Divorce is a painful process. Even if you and your partner agree with getting divorced, there are going to be some uncomfortable issues that arise. You and your soon-to-be ex-partner need to discuss important issues, such as child custody, child support and how to divide up your property. The process becomes much more difficult knowing that you will have to share these intimate details of your lives in a public courtroom. There are, however, options for maintaining your dignity and privacy during the divorce process.
In regular divorce proceedings, the judge is going to look at your family’s personal information. You will need to submit many financial documents to the Court. Among those, you may need to provide is:
- Income information, such as pay stubs and income tax returns
- Documents related to the property you own
- A list of assets, with values
- Documents related to liabilities, such as loans
- Parenting concerns and expenses
Your attorneys will help you and your former partner gather the information you need to provide to the Court that will become part of the permanent court record.
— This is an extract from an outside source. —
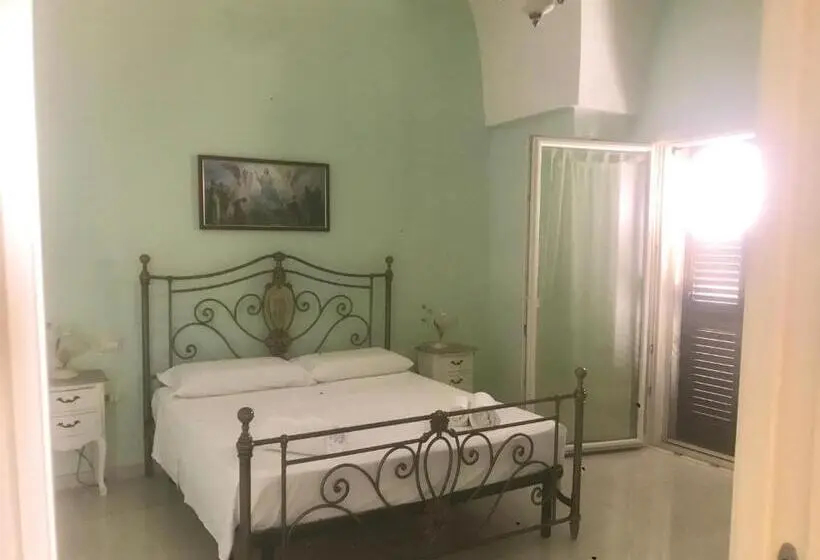 ファミリールーム, Albergo Diffuso Cortellenica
Collaborative Divorce and Mediation
Collaborative Divorce and Mediation are options for keeping your divorce out of court. When you enter the Collaborative Divorce process you will share your information with a collaborative team that includes your attorneys, divorce coaches and a neutral financial professional. The team will keep that information private, and it is never entered in the public record. In Mediation, you provide your information to a mediator who will help you and your spouse to negotiate a settlement in a private setting, and your information also remains private.
The Value of Privacy
Once your divorce is over, you will want to move on with your life without drama. Your private matters are nobody else’s business, and you can start your life after divorce knowing that the details of your finances and shared parenting are your own. Money cannot buy privacy; you can see that with the Bill and Melinda Gates divorce where people have strong desire to learn about the private lives of others.